Why withdraw the application?
“I can read the room,” F.W. Webb Chief Operating Officer Bob Mucciarone told The Chronicle Tuesday. “We’re getting the stall. It takes three weeks to let us know how many copies you need… and I feel Queensbury doesn’t have the strength to support it,” he said.
“I’m not happy, but it’s the way it is.”
Glens Falls officials and residents of the nearby Windy Hill and Windy Ridge neighborhoods resisted the project.
Queensbury Supervisor John Strough told The Chronicle, “I don’t know if I was totally surprised by it [the withdrawal], because I think there are better parcels in the town of Queensbury — and I hope they are planning on staying in the town of Queensbury — that would better fulfill their expansion plans than the one they pursued most recently.”
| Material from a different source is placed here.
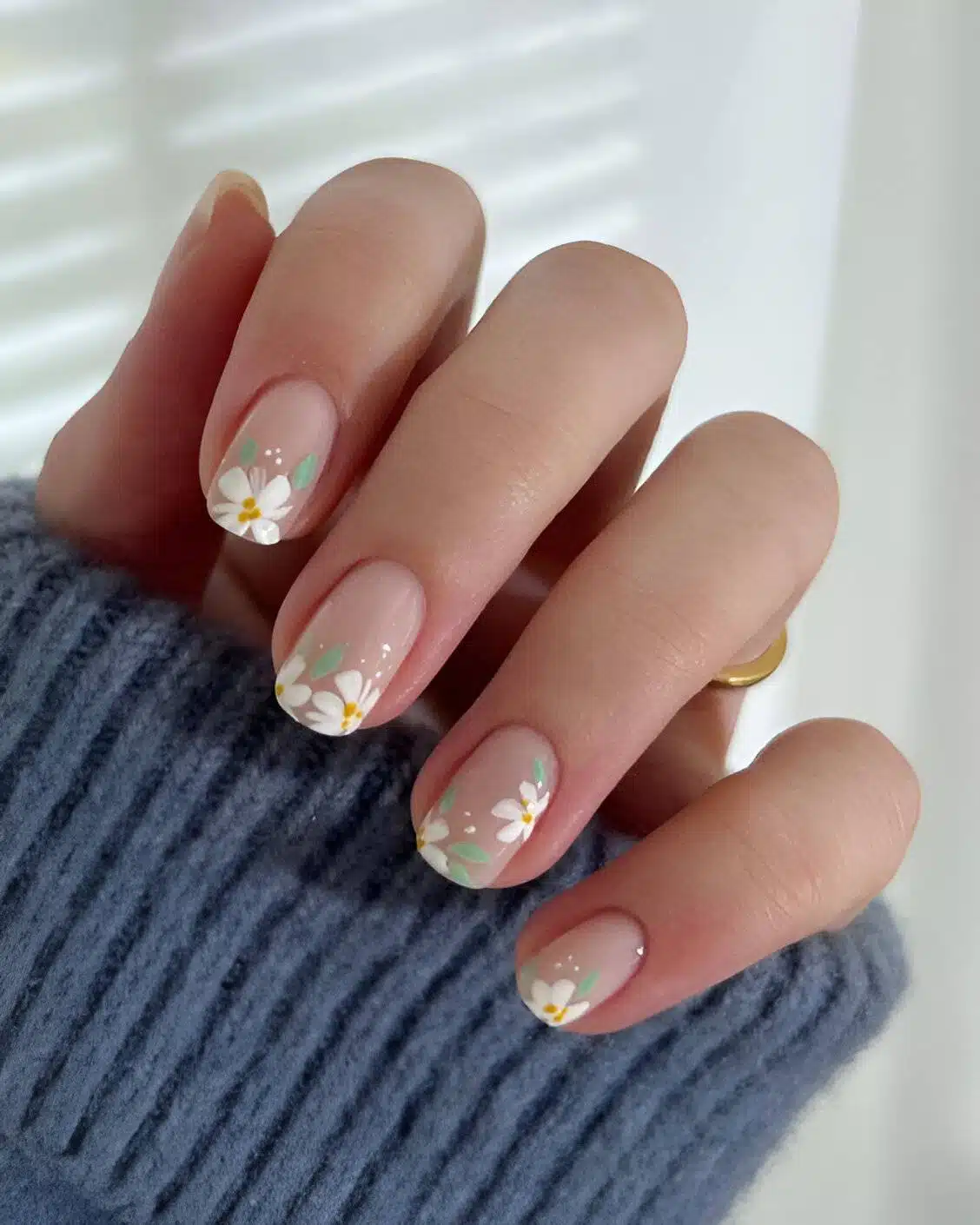 30 Elegant Flower Nail Designs Beautiful All Year Round - 241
Mr. Strough suggested a lot near the Quaker Road Walmart and Sportline.
“It is a managed intersection, it has a traffic light,” Mr. Strough said.
“To me, that was a perfect location, it gave them the kind of exposure they were looking for,” he added.
He said there were some wetland issues, but the town worked that out with Walmart. “If that is a lot that’s still desirable to them, we would work with them to help solve the wetland issues there, too.”
Mr. Mucciarone said, “I’m looking right now” for a new location for the project.
“But I gotta be honest with you. If I find something out of Queensbury, that’s going to be my number one priority, because I just think I’ve been harmed.”
Of the town wanting Webb to stay, Mr. Mucciarone said, “Queensbury should have done something different then.”
“I’ve been very cordial with everybody. I’ve talked to everybody,” Mr. Mucciarone said. “I haven’t misrepresented anything. I’ve told the truth all along. I was trying to be kind to the neighbors. I tried to listen to what they wanted.
“But when I’m dealing with people who have an agenda and a finality to it, and I’m not supported, what am I gonna do?”
He added, “What’s going to happen is a big box is going to come in there. And those neighbors are going to be way worse off than if Webb had been able to do it. And they kind of deserve it.”
Of the Quaker Road lot, Mr. Strough reiterated that he had been approached by a Realtor who said, “if we could rezone it, there is a developer interested in putting apartments up.”
He said the Realtor “described those apartments as 55+ style, and would be minimal impacts to the local residential area being residential itself.”